[MATERIAL FOR THIS EXERCISE — start]
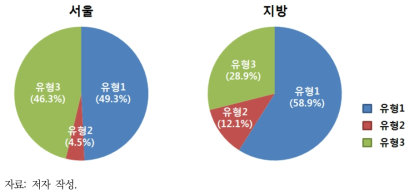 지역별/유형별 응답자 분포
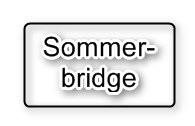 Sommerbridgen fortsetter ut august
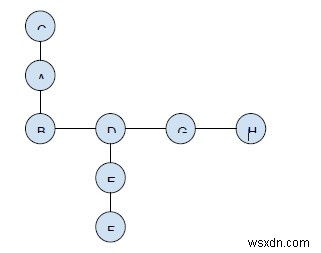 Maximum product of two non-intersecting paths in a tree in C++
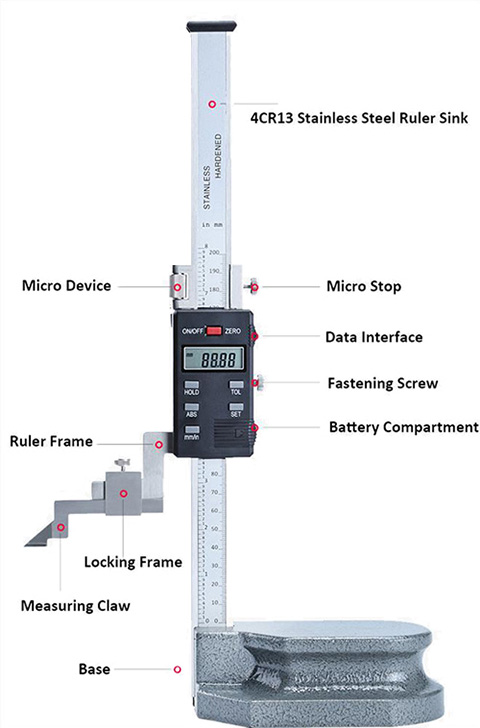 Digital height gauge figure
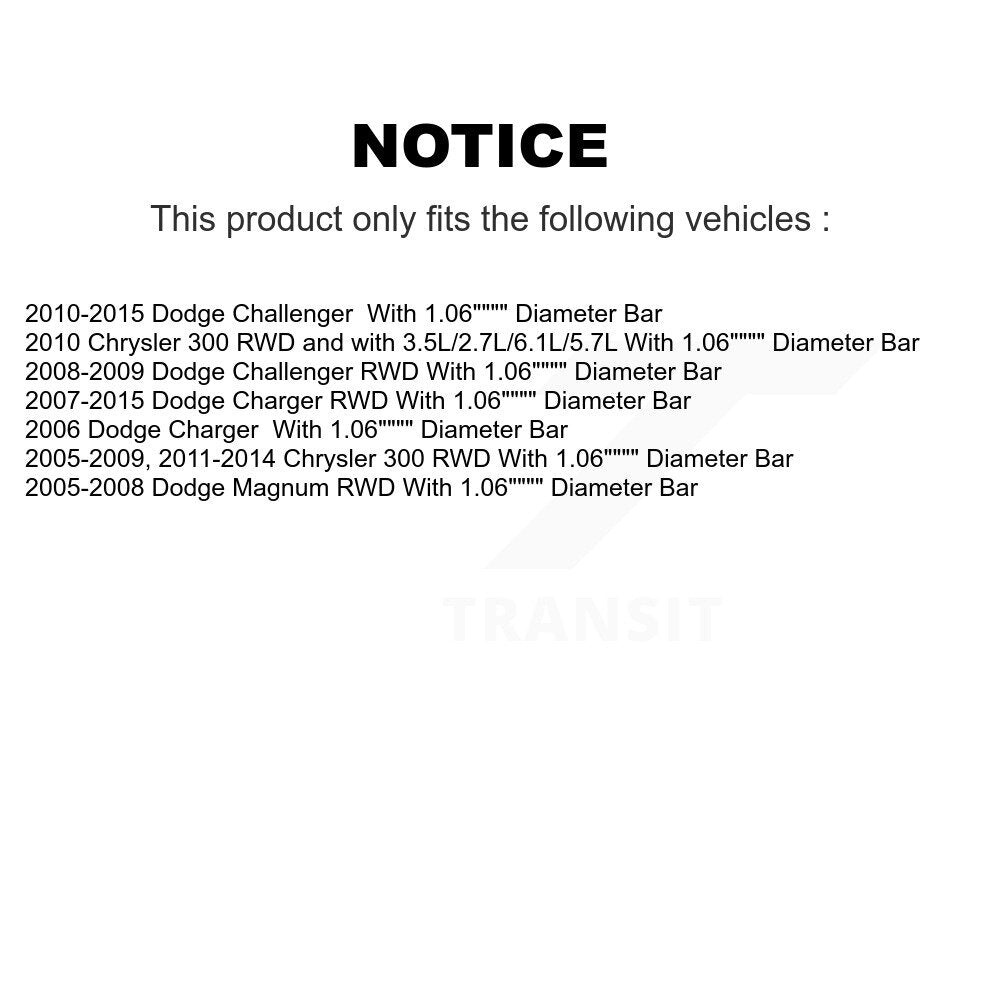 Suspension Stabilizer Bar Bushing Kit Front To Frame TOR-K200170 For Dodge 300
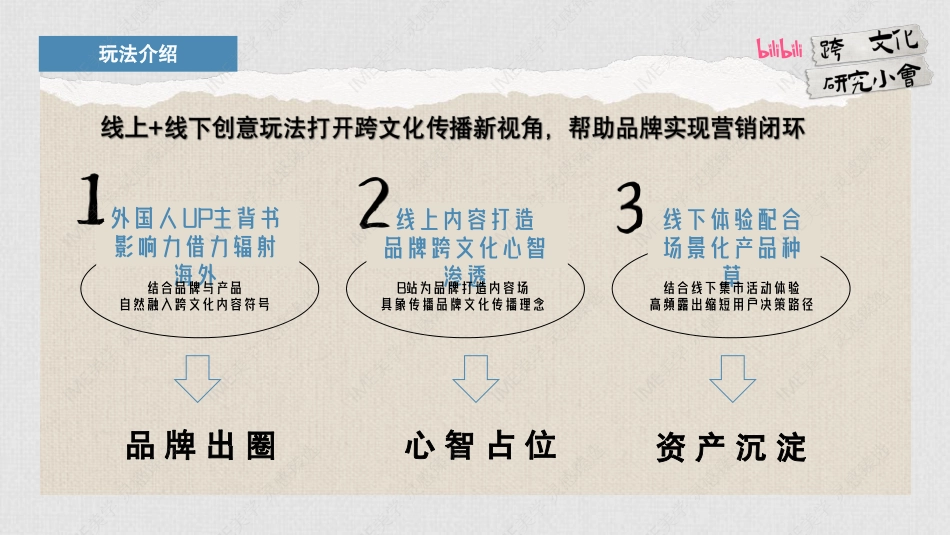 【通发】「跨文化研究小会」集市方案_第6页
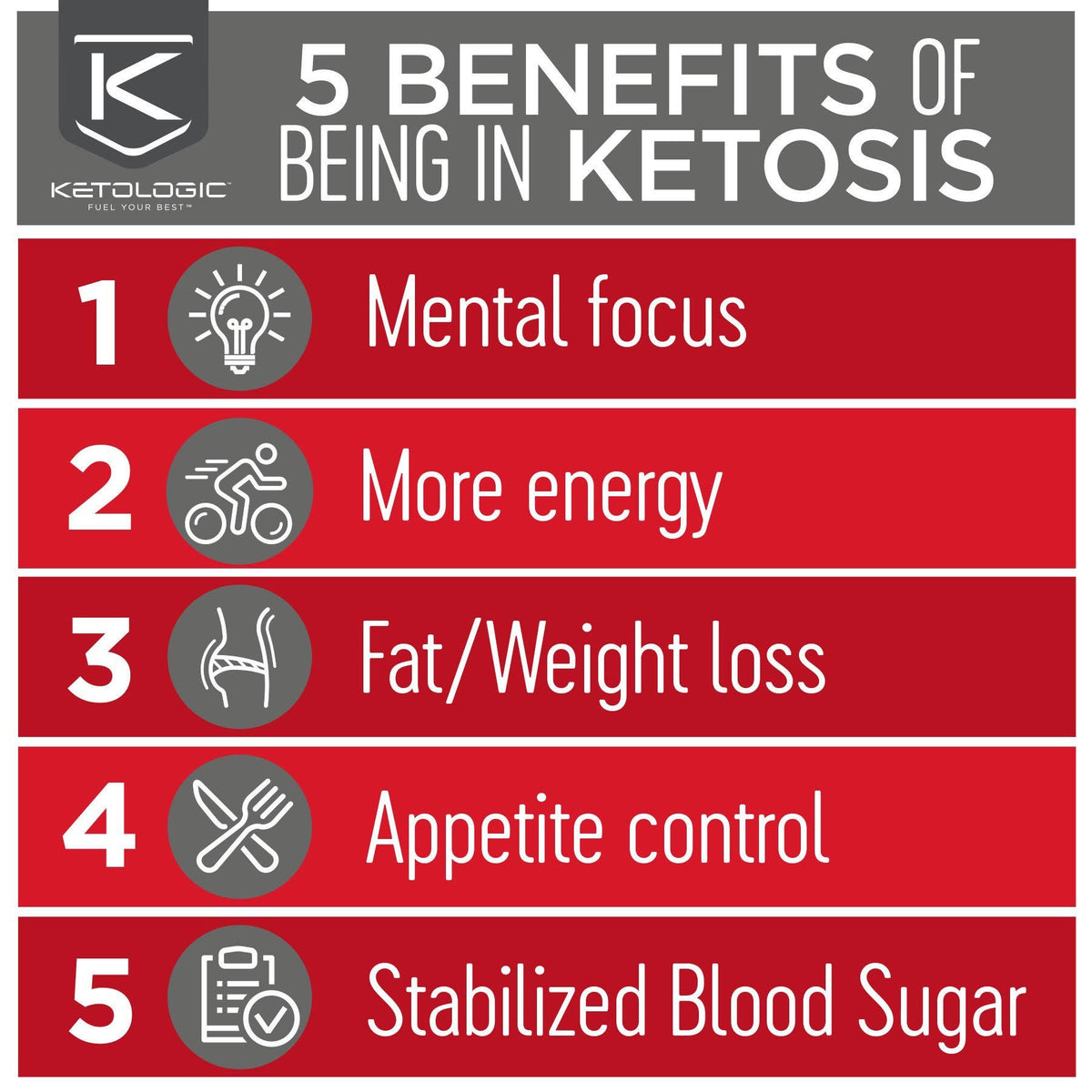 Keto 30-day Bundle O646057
[MATERIAL FOR THIS EXERCISE — finish]
[MATERIAL FOR THIS EXERCISE — start]
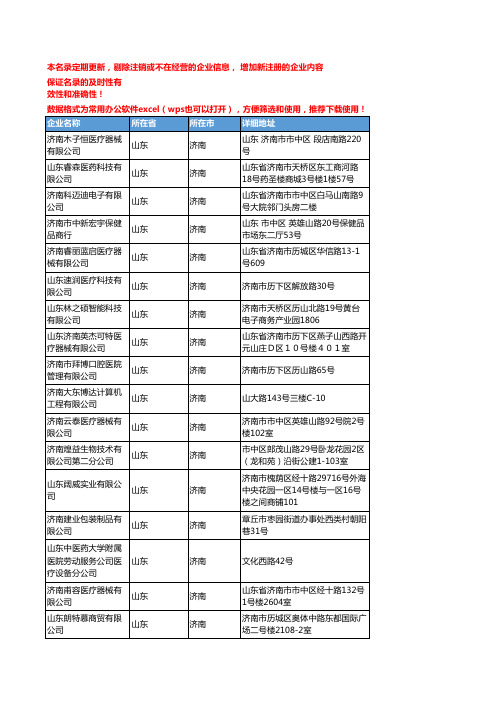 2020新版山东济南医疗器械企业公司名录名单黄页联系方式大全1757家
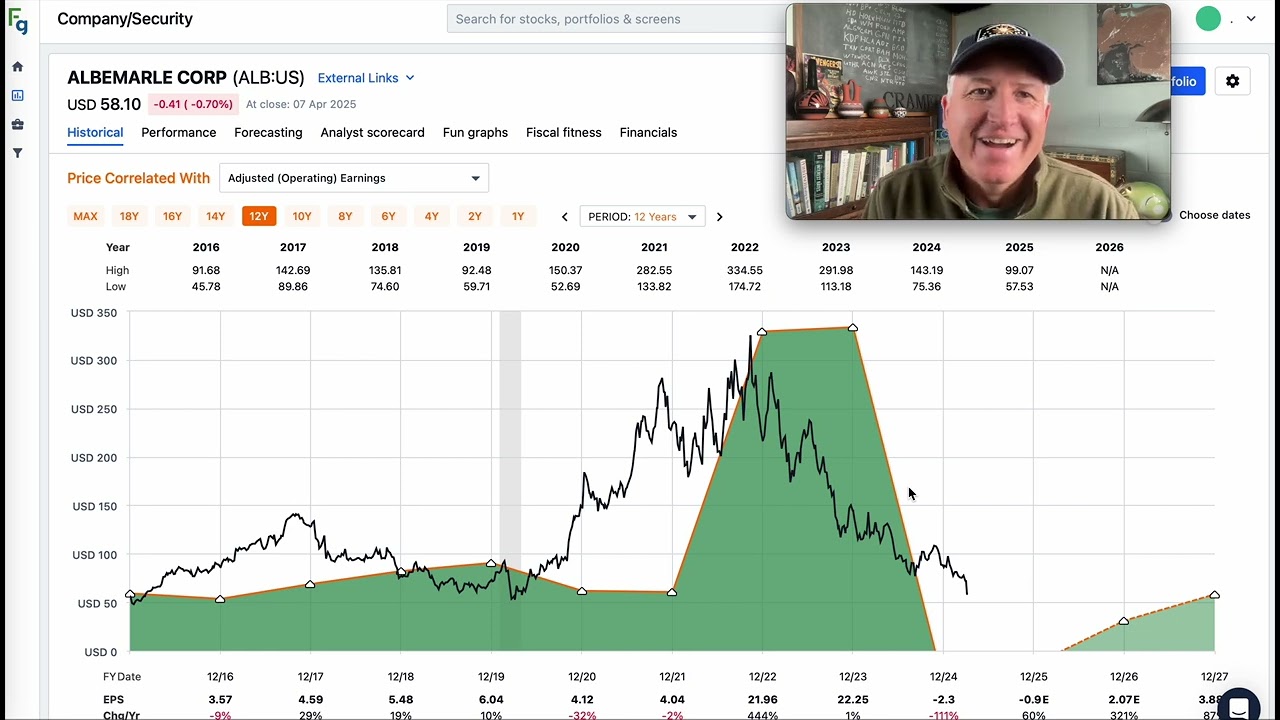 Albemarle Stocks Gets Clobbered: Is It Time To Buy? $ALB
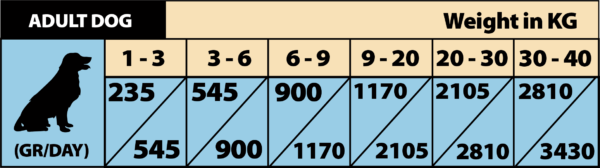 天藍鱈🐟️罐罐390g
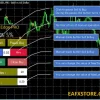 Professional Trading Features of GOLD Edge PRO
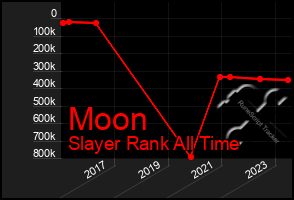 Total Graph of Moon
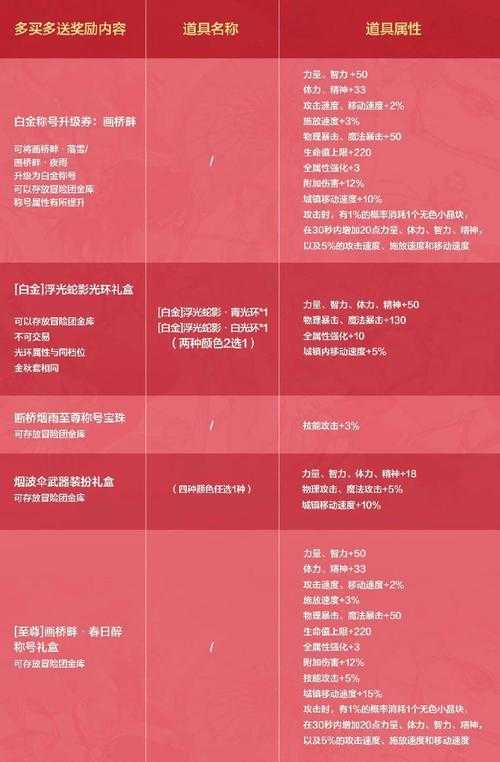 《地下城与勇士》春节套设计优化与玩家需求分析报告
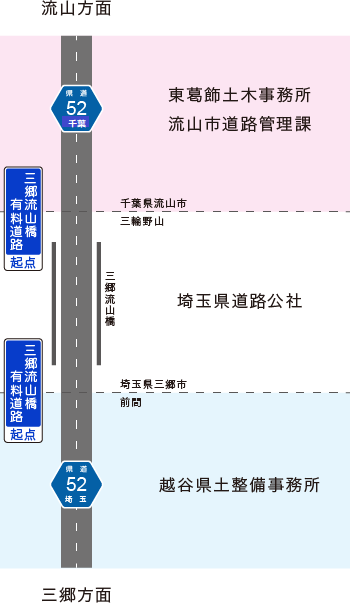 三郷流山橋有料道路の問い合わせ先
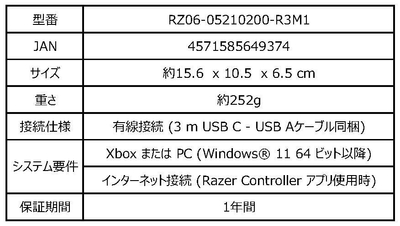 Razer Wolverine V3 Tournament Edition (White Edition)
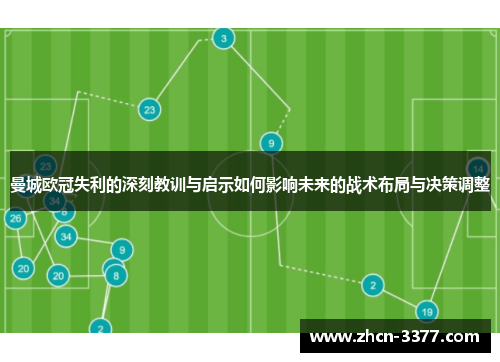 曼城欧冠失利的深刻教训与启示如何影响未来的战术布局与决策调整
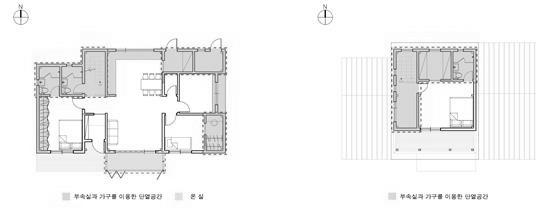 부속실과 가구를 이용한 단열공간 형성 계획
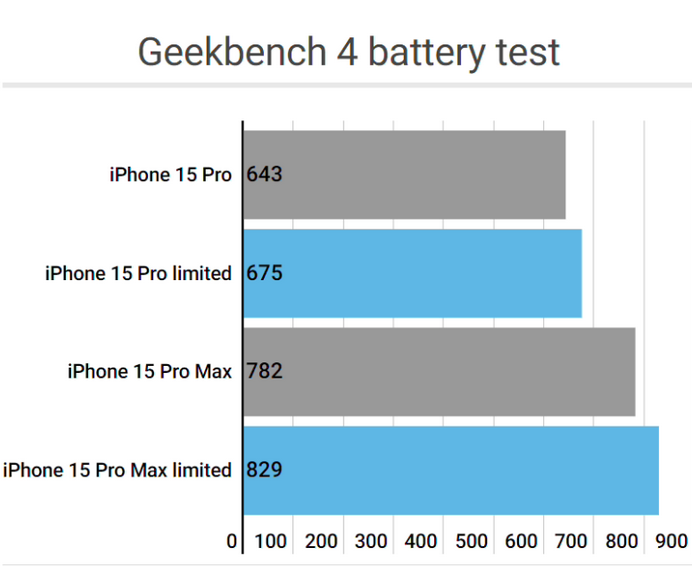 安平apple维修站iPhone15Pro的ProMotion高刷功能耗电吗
[MATERIAL FOR THIS EXERCISE — finish]
[MATERIAL FOR THIS EXERCISE — start]
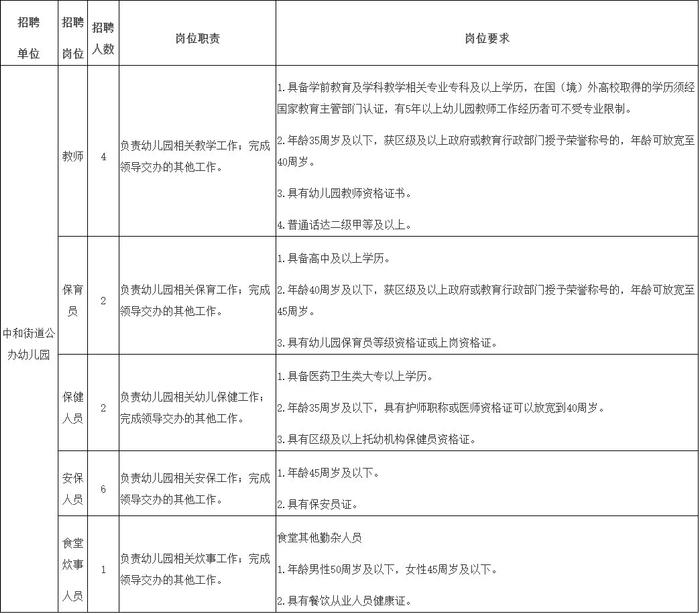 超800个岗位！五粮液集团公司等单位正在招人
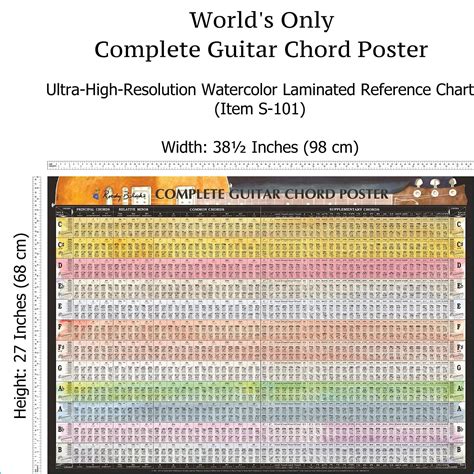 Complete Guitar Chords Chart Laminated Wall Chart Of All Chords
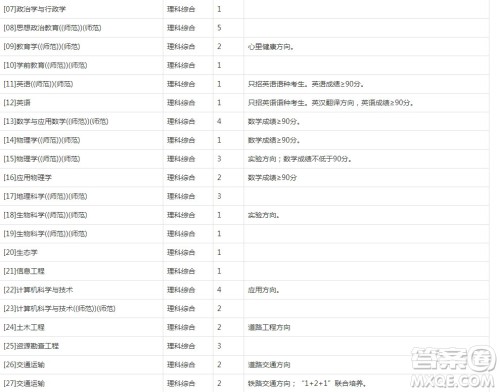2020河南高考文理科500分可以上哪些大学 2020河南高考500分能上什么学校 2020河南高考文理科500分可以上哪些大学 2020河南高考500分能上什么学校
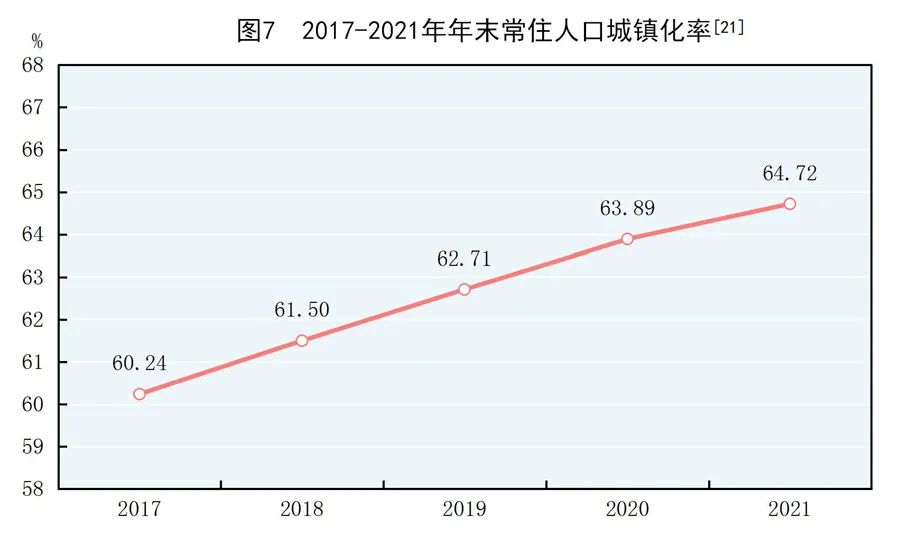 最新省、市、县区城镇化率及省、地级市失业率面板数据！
[MATERIAL FOR THIS EXERCISE — finish]
DIRECTIONS: What are the lines above from the one with "지역별/유형별 응답자 분포" to the one with "Keto 30-day Bundle O646057", both included? Reproduce them exactly, without pictures.

ANSWER BOX:
 지역별/유형별 응답자 분포
 Sommerbridgen fortsetter ut august
 Maximum product of two non-intersecting paths in a tree in C++
 Digital height gauge figure
 Suspension Stabilizer Bar Bushing Kit Front To Frame TOR-K200170 For Dodge 300
 【通发】「跨文化研究小会」集市方案_第6页
 Keto 30-day Bundle O646057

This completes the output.